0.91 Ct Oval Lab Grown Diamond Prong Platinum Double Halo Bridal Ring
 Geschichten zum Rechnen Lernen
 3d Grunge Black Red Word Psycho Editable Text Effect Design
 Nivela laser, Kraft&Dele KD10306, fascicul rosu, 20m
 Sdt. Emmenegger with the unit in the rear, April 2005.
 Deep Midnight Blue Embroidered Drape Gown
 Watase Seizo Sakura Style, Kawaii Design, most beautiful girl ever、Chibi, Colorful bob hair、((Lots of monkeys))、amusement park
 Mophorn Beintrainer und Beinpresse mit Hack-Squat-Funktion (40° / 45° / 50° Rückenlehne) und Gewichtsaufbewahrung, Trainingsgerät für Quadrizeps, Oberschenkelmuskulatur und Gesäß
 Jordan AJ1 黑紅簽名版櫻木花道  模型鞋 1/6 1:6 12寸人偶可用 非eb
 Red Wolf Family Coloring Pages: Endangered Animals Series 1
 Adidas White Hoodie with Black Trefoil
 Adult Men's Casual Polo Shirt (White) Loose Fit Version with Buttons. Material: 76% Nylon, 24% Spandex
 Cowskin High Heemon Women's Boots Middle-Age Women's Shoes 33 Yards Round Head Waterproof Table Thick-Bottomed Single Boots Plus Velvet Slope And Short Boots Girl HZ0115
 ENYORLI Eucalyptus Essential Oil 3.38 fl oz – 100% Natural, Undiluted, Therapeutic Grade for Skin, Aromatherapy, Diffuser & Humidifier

━━━━

WHAT NEEDS TO BE DONE:
Print out all the material above, unaltered.

RESULT FOR THIS TASK:
0.91 Ct Oval Lab Grown Diamond Prong Platinum Double Halo Bridal Ring
 Geschichten zum Rechnen Lernen
 3d Grunge Black Red Word Psycho Editable Text Effect Design
 Nivela laser, Kraft&Dele KD10306, fascicul rosu, 20m
 Sdt. Emmenegger with the unit in the rear, April 2005.
 Deep Midnight Blue Embroidered Drape Gown
 Watase Seizo Sakura Style, Kawaii Design, most beautiful girl ever、Chibi, Colorful bob hair、((Lots of monkeys))、amusement park
 Mophorn Beintrainer und Beinpresse mit Hack-Squat-Funktion (40° / 45° / 50° Rückenlehne) und Gewichtsaufbewahrung, Trainingsgerät für Quadrizeps, Oberschenkelmuskulatur und Gesäß
 Jordan AJ1 黑紅簽名版櫻木花道  模型鞋 1/6 1:6 12寸人偶可用 非eb
 Red Wolf Family Coloring Pages: Endangered Animals Series 1
 Adidas White Hoodie with Black Trefoil
 Adult Men's Casual Polo Shirt (White) Loose Fit Version with Buttons. Material: 76% Nylon, 24% Spandex
 Cowskin High Heemon Women's Boots Middle-Age Women's Shoes 33 Yards Round Head Waterproof Table Thick-Bottomed Single Boots Plus Velvet Slope And Short Boots Girl HZ0115
 ENYORLI Eucalyptus Essential Oil 3.38 fl oz – 100% Natural, Undiluted, Therapeutic Grade for Skin, Aromatherapy, Diffuser & Humidifier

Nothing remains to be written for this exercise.